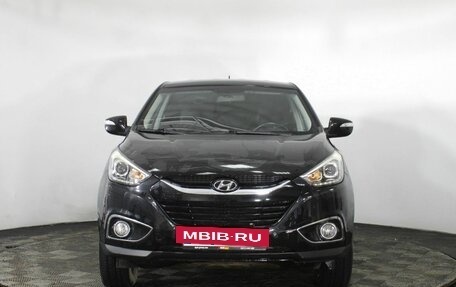 Hyundai ix35 I рестайлинг, 2014 год, 1 650 000 рублей, 2 фотография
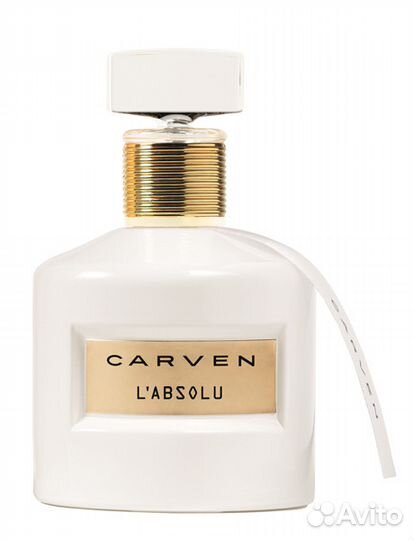 Carven L’Absolu Eau DE Parfum Новый 30ml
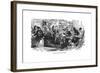 Ny Drinkingin Rum Shop-null-Framed Giclee Print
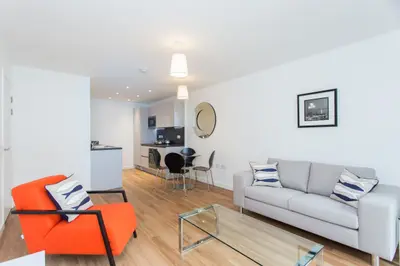 Naomi Street, Surrey Quays, SE8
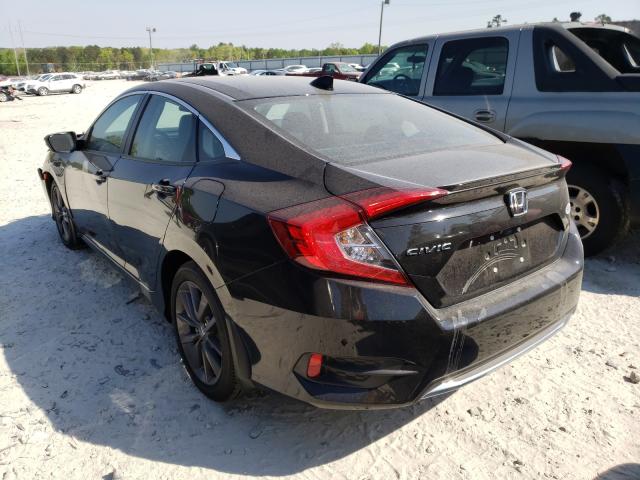 2021 HONDA CIVIC 19XFC1F39ME007518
--*--
* Action item *
Could you retype every line above exactly as it appears, skipping the pictures?

* Answer to this exercise *
 Hyundai ix35 I рестайлинг, 2014 год, 1 650 000 рублей, 2 фотография
 Carven L’Absolu Eau DE Parfum Новый 30ml
 Ny Drinkingin Rum Shop-null-Framed Giclee Print
 Naomi Street, Surrey Quays, SE8
 2021 HONDA CIVIC 19XFC1F39ME007518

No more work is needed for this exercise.